■ Directions for this task:
Lines to restate from the data below: from the one containing "Galleria Vittorio Emanuele II in Milan" to the one containing "Fourth of July", both included. Give them again exactly, and only them.

■ Supplied records:
-- Opening Marker --
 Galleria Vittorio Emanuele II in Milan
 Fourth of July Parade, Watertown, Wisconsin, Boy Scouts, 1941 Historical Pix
-- Closing Marker --
-- Opening Marker --
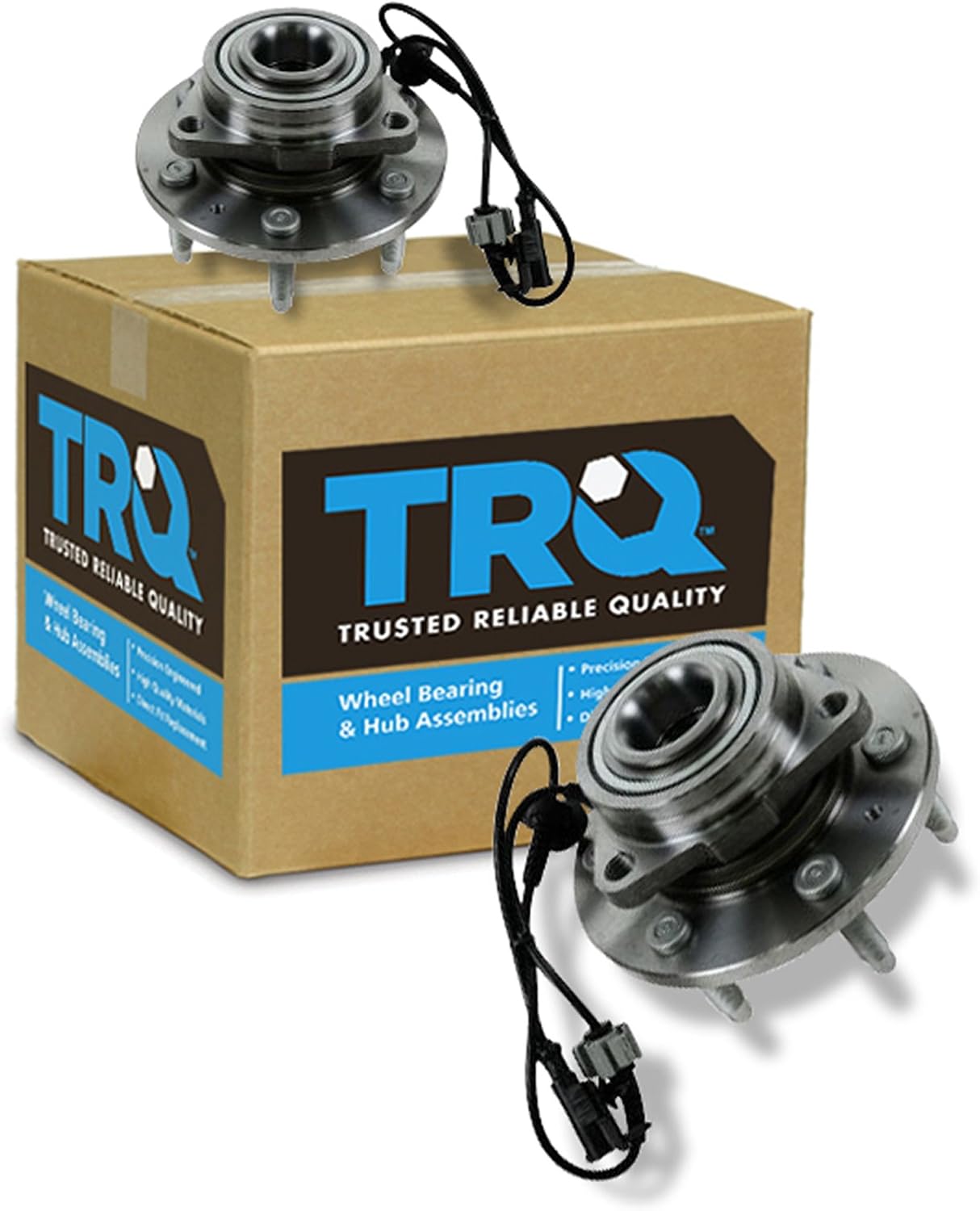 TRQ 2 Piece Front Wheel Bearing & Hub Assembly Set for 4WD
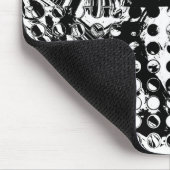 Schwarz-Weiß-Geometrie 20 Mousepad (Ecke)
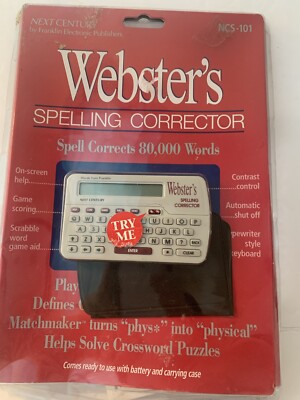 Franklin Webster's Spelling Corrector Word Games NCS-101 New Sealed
-- Closing Marker --
■ Response to this exercise:
 Galleria Vittorio Emanuele II in Milan
 Fourth of July Parade, Watertown, Wisconsin, Boy Scouts, 1941 Historical Pix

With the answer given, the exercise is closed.